From the data below, return each line in which the string "that" is found.

----- DATASET RECORDS -----

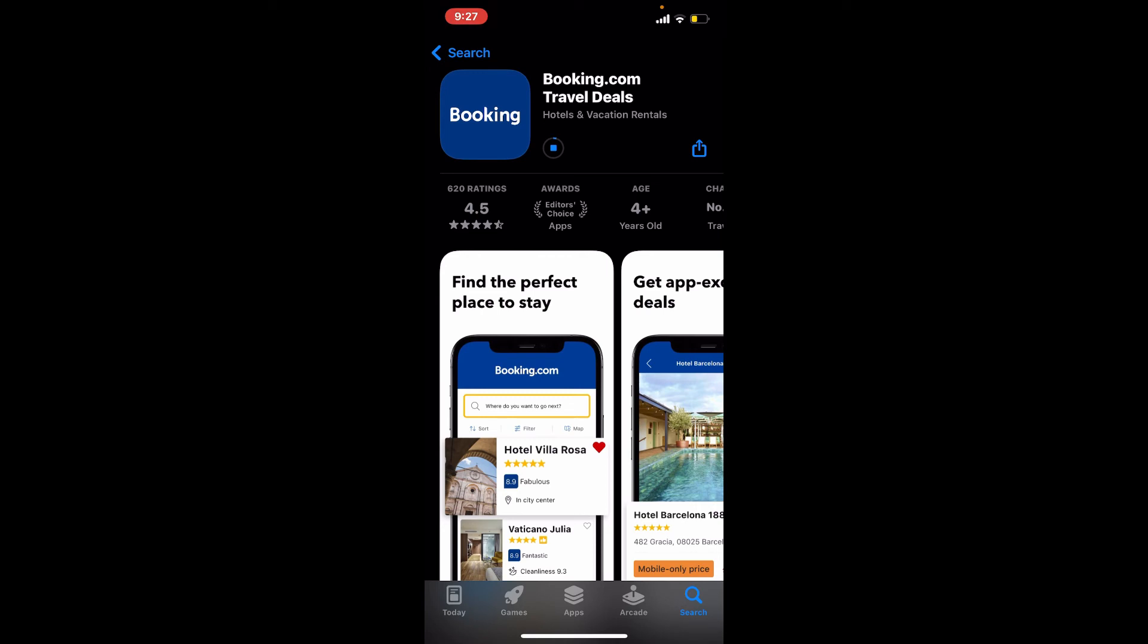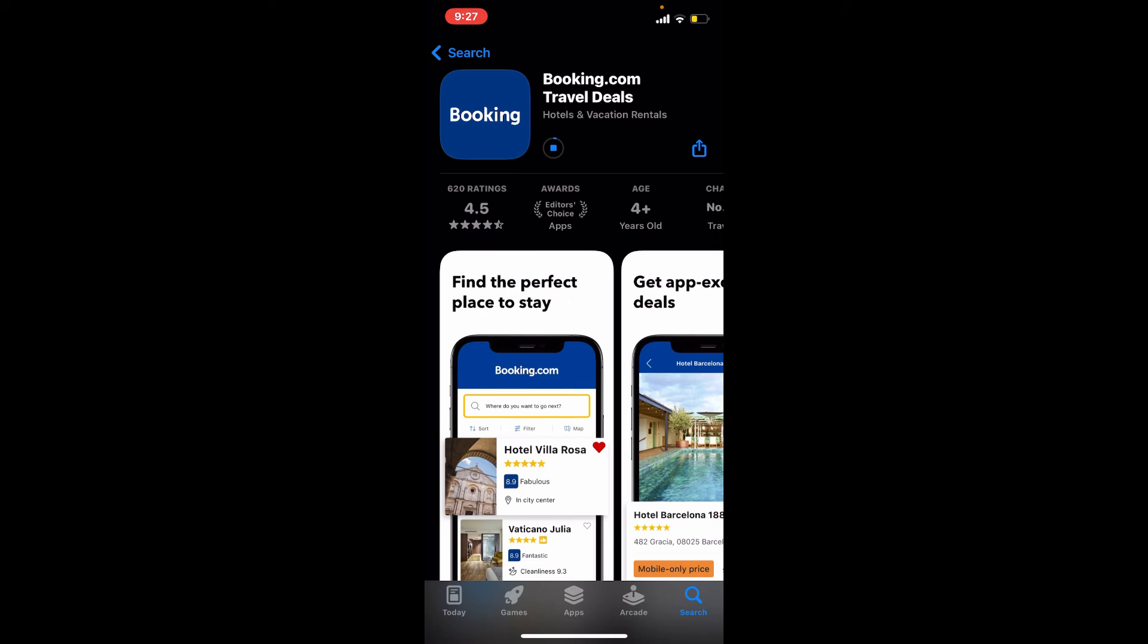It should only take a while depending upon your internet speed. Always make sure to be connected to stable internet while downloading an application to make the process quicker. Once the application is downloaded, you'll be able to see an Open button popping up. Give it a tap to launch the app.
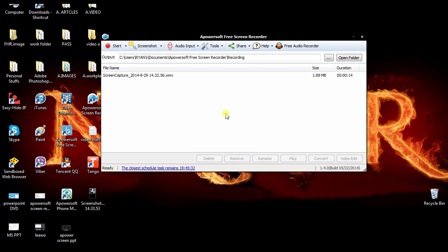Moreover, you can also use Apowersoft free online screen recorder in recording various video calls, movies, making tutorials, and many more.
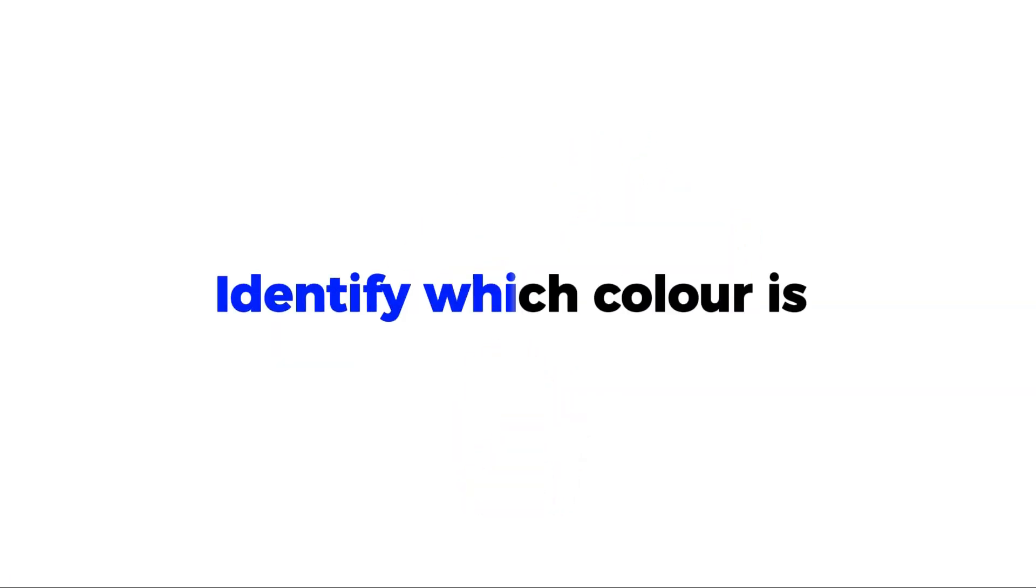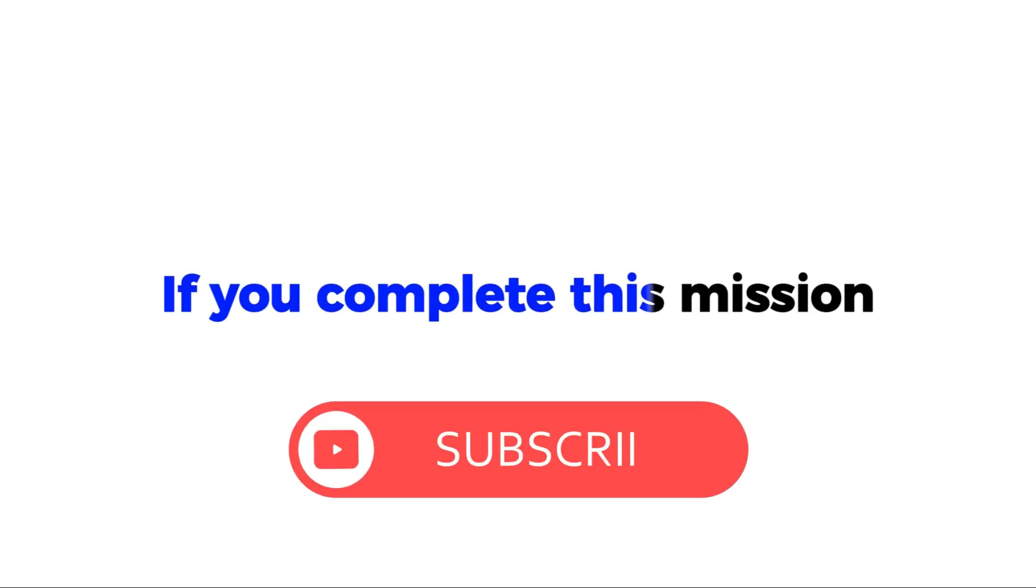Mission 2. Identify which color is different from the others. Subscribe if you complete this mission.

-----
----- DATASET RECORDS -----

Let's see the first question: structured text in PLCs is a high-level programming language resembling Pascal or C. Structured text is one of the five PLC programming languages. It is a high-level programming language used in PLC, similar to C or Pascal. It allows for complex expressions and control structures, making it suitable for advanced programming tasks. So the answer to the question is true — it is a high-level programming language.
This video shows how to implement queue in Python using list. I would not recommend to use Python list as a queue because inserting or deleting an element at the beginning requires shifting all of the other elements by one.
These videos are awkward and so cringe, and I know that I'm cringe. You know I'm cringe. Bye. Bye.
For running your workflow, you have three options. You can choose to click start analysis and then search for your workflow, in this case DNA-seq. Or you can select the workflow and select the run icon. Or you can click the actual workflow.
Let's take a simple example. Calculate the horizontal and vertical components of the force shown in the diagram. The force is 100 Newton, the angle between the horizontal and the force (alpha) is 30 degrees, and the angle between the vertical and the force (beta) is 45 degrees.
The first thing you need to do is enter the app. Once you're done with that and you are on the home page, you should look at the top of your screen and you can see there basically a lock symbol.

-----

▸ **RESPONSE TO THIS EXERCISE**:
These videos are awkward and so cringe, and I know that I'm cringe. You know I'm cringe. Bye. Bye.
The first thing you need to do is enter the app. Once you're done with that and you are on the home page, you should look at the top of your screen and you can see there basically a lock symbol.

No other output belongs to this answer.